In a Canadian study, smoking marijuana reduced pain and improved the sleep of patients suffering from chronic neuropathic pain.

Neuropathic pain is a term broadly and loosely used to describe pain whose exact source or cause cannot be pinpointed. In this study, the patients' pain stemmed from events such as traffic accidents or surgery where nerves had presumably been cut. Because it's hard to pinpoint the exact source of the pain, it's also hard to treat it. Like the patients in this study, sufferers of neuropathic pain often get little relief from traditional treatments for pain.

The total THC dose used in the study was kept low, to minimize side effects and exposure to smoke. And the low dose also helped keep participants in the dark about what preparation they were using in each cycle, minimizing euphoric and other psychoactive effects.

In the study, subjects given a placebo (no THC) reported an average pain intensity of 6.1 on an 11-point scale. This intensity dropped to 5.4 in those who smoked marijuana containing 9.4% THC. THC is the active ingredient in marijuana.

While other studies have tested the ability of marijuana to relieve pain, the researchers say this is the first study where patients were allowed to smoke cannabis at home and record their responses daily.

The study was performed on 23 adults, aged 25-77. Their average age was 45. Study subjects were randomly assigned to smoke marijuana with a THC content of 0, 2.5%, 6.0% and 9.4% during four rotating 14-day periods. Each period consisted of five days taking the drug followed by a nine-day washout period (no drug). Marijuana was administered as a 25 mg dose smoked in a pipe, three times daily, by the study subjects.

The main interest of the researchers was in testing the effect of smoking marijuana with 9.4% THC on pain. The results suggest modest, but noticeable, pain relief.

The total THC dose used in the study was kept low, to minimize side effects and exposure to smoke. And the low dose also helped keep participants in the dark about what preparation they were using in each cycle, minimizing euphoric and other psychoactive effects. Overall, marijuana was well tolerated by the subjects.

Medical marijuana use is legal in Canada. In the U.S, such usage and even marijuana research itself has been limited. The reasons for this are at least as much political and sociocultural as they are medical.

Federal law prohibits marijuana use. In 1996, California passed a law allowing medical marijuana to be used by people who had a doctor's prescription for it. More than a dozen states have since passed similar laws. But the Bush Administration declared medical use of marijuana to be in violation of federal law and took vigorous action against it, including the raiding of dispensaries. Soon after the election of Barack Obama, the Department of Justice announced it would cease these raids, as long as the dispensaries were abiding by state law. It's anybody's guess what policies will be in effect in the near and far future.

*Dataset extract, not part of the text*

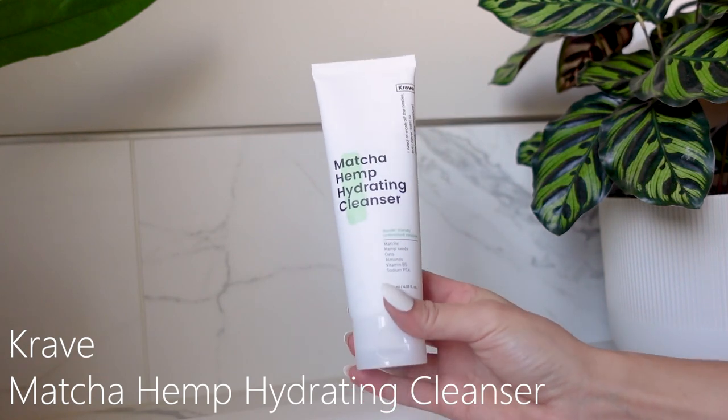First, in the morning time, I use Crave Matcha Hemp Hydrating Cleanser. This is really gentle and moisturizing and it doesn't strip my skin. For such a long time I thought if I put something on my skin and it made it feel tight and dry, it was doing what it needed to do. I've come to find that's wrong. And I use lukewarm-ish water. I used to use really, really scalding hot water because I thought it would kill the stuff on my face. But that was also very wrong.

The Canadian study was a very short term one: it only measured pain relief over five days. And it only tested low doses. The researchers emphasize that larger and longer studies need to be done to better evaluate the usefulness and long term safety of marijuana as a pain reliever. What the study does suggest is that marijuana can be useful at relieving the pain of a group of people for whom other pain relievers do not do the job.

An ahead of print article detailing the study was published online by the Canadian Medical Association Journal on August 30, 2010 and is freely available.